O Brasil não existiria fora desse contexto. Os Estados Unidos também. Mas há um ingrediente que nos diferencia muito: aqui não havia uma ética protestante balizando as relações da sociedade, para o surgimento de um Henry Ford, na segunda Revolução Industrial, ou de um Bill Gates, na moderna sociedade da informação. O que havia era o nosso velho patrimonialismo ibérico, ainda hoje redivivo, que nos legou um capitalismo marcado pelo favorecimento do Estado ao surgimento das fortunas familiares. É difícil encontrar uma empresa tradicional no Brasil, por mais moderna que seja, que em algum momento não tenha dependido da alavancagem política dos seus negócios. Nosso modelo de substituição das importações, fomentado pelo Estado, teve por base a articulação entre capital estrangeiro, empresariado nacional e investimentos governamentais.
Estabilização
Esse tripé do nosso desenvolvimento, porém, foi para o ralo com o choque do petróleo e a terceira Revolução Industrial. Recessão, crise de financiamento do Estado e hiperinflação. Na década de 1980, o país estava em estagnação econômica e à beira do colapso financeiro. Foi nesse contexto que a remessa ilegal de recursos para o exterior por pessoas físicas e jurídicas se generalizou. Foi uma espécie de autodefesa do capitalismo brasileiro contra a ameaça de bancarrota, num momento em que o modelo autárquico de substituição de importações havia se esgotado e a abertura da economia era um imperativo da globalização.
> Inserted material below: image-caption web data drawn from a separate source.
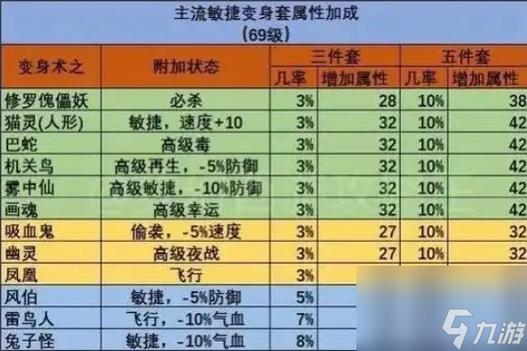 梦幻西游130强化项链的属性是多少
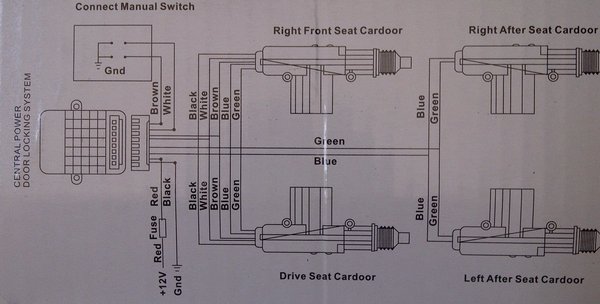 Detail Gambar Rangkaian Central Lock Nomer 9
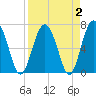 Tide chart for Eagle Neck South, Newport River, Georgia on 2022/04/2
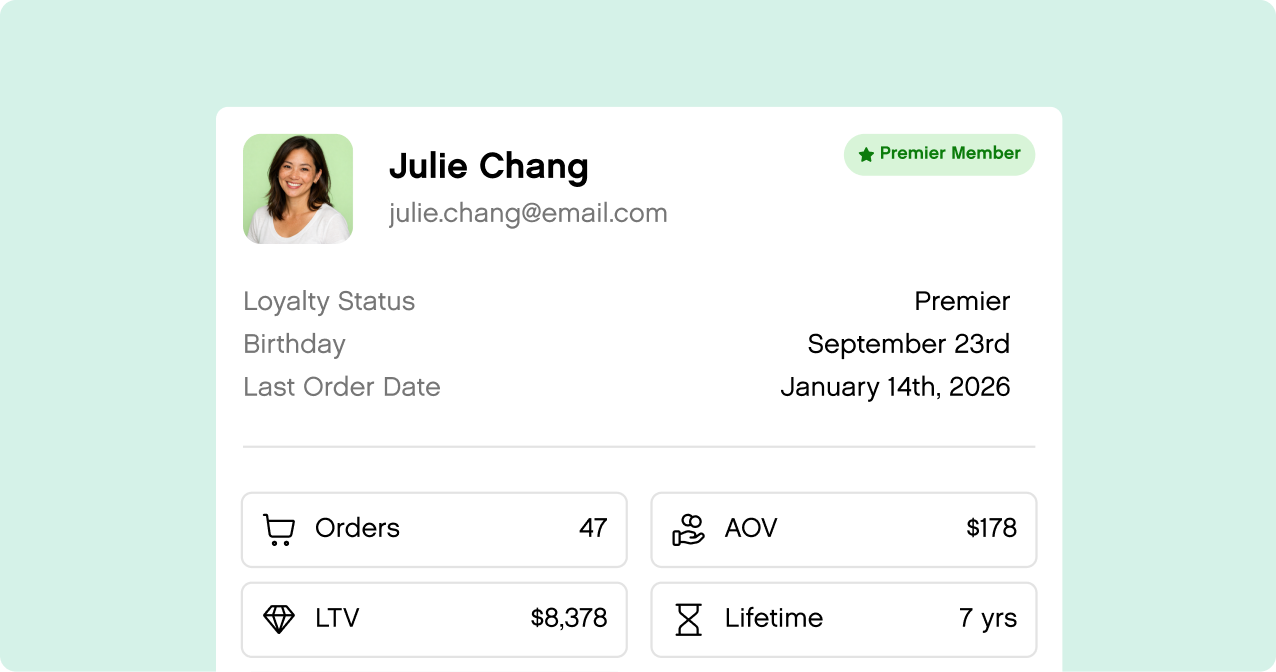 Profile card showing a person labeled 'Julie Chang', a Premier Member. Details include loyalty status, birthdate, last order date, and order statistics.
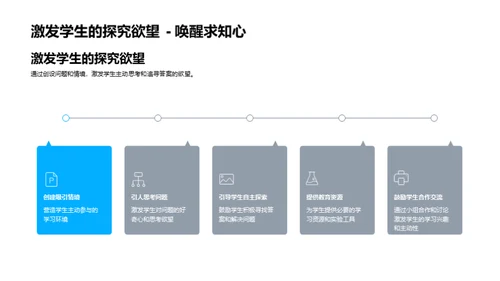 科学教学的实践与探究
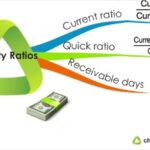 What Is The Current Ratio & How To Calculate It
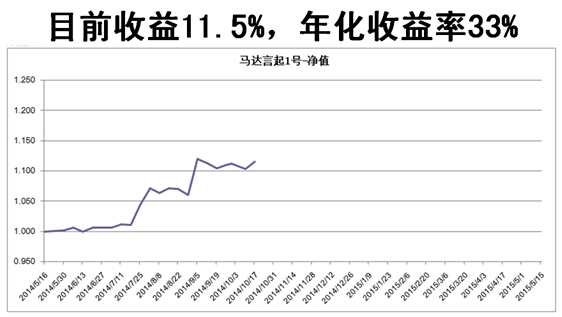 言程序活動(dòng)11235.jpg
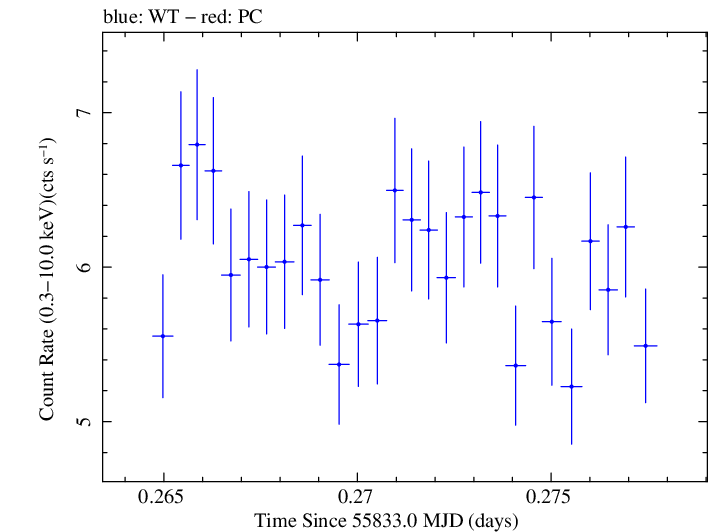 Swift light curve for Observation ID 00091138031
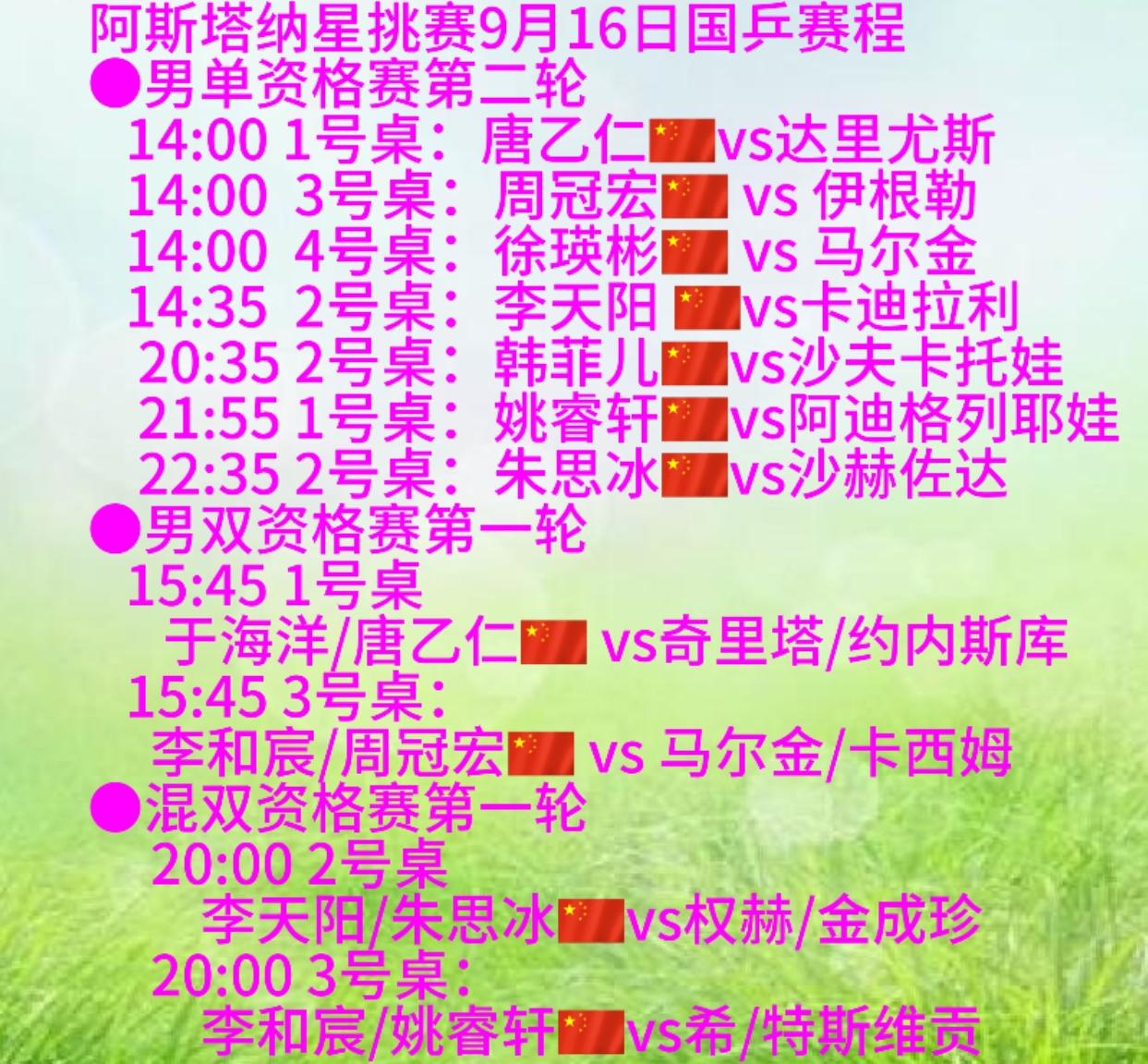 阿斯塔纳星挑赛9月16日国乒赛程：李天阳和徐瑛彬首秀出战
     9月16日，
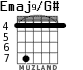 Emaj9/G# para guitarra - versión 2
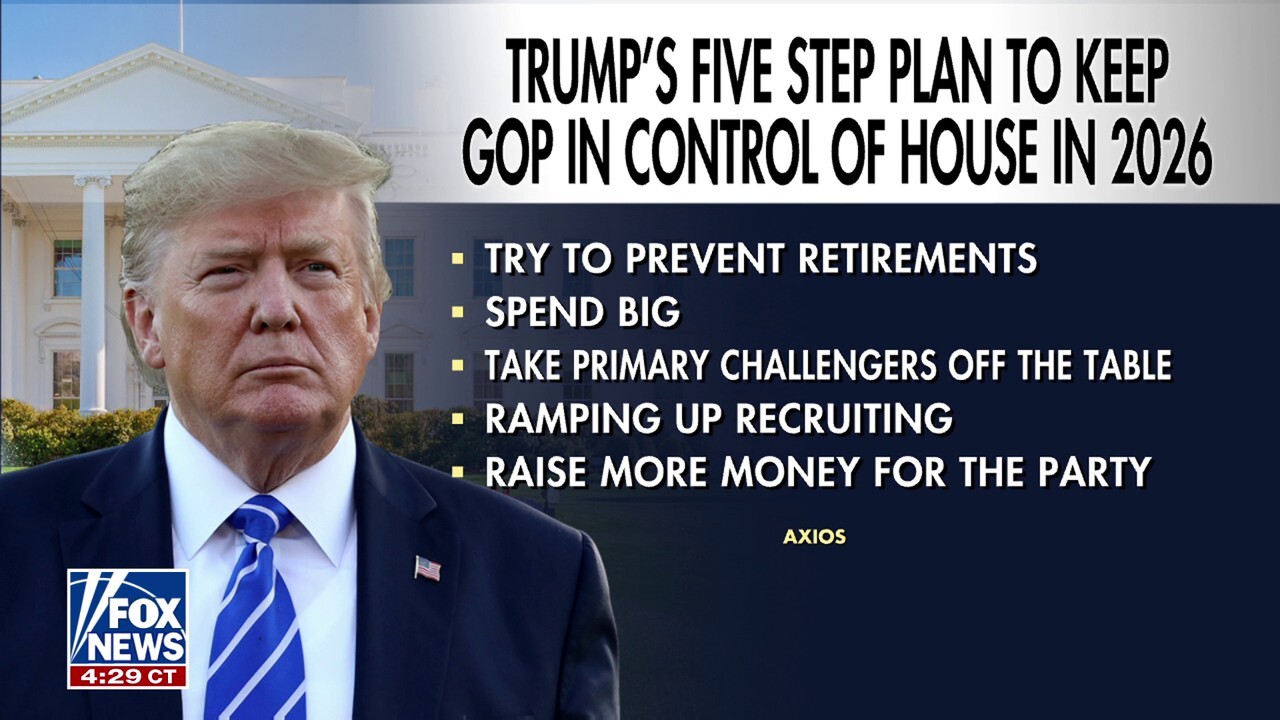 Trump launches five-step plan to retain GOP control of the House: Report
Quando houve o Plano Real, a política de estabilização da economia não teria sucesso sem o programa de privatizações, que uma década antes havia sido preconizado por Inácio Rangel, um economista do BNDES de formação muito heterodoxa. O Estado não tinha como financiar seu próprio funcionamento, e a retomada do desenvolvimento exigia a modernização dos serviços públicos e da infra-estrutura do país, mas não havia recursos públicos para isso, como aliás ainda não há. A quebra do monopólio do petróleo e da exploração mineral e a venda de estatais, como a Vale do Rio Doce, das siderúrgicas e das teles foram uma via de saneamento das finanças públicas e de captação de investimentos privados.
Nesse contexto, o governo estimulou a volta do dinheiro brasileiro que havia sido aplicado no exterior, como uma forma inclusive de enfrentar a crise cambial que quase levou o país à breca. É nessa ambígua e sinuosa fronteira de oportunidades que o empresário Eike Batista e o banqueiro Daniel Dantas amealharam agressivamente suas fortunas, um correndo os riscos do garimpo, da mineração e do mercado petrolífero, outro repatriando capitais e transformando-os em investimentos financeiros. A acumulação inicial de capital é sempre uma aventura, nem sempre bem-sucedida.